Instructions to follow: Could you write out, exactly as they stand, only the lines in the listing below from the line with "3d diorama: dark cliff with firs above" to the line with "Philosophy Di Lorenzo", both ends included, without the pictures?

Provided data:
************
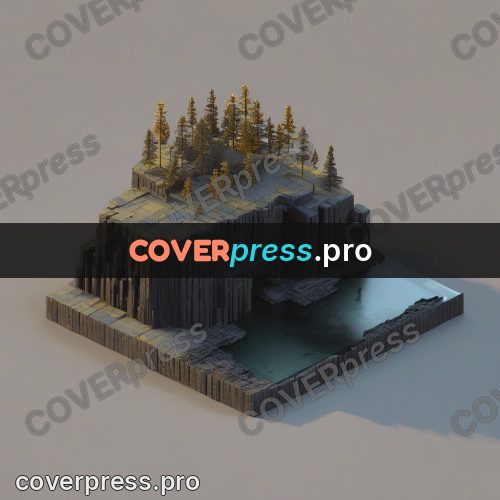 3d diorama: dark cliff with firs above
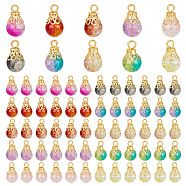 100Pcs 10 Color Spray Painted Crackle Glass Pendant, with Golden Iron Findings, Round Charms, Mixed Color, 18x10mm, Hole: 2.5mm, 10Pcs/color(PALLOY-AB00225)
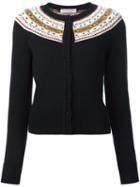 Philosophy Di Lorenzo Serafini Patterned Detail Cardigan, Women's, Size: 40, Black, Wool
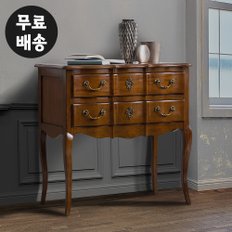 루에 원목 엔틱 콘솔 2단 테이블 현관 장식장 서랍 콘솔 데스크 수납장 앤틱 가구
************
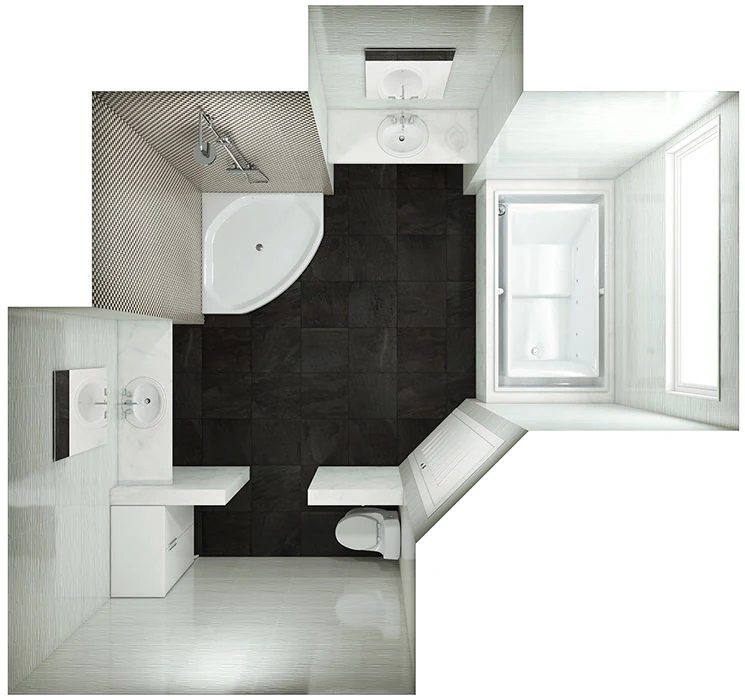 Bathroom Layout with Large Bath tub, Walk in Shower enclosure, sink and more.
************
Your solution:
 3d diorama: dark cliff with firs above
 100Pcs 10 Color Spray Painted Crackle Glass Pendant, with Golden Iron Findings, Round Charms, Mixed Color, 18x10mm, Hole: 2.5mm, 10Pcs/color(PALLOY-AB00225)
 Philosophy Di Lorenzo Serafini Patterned Detail Cardigan, Women's, Size: 40, Black, Wool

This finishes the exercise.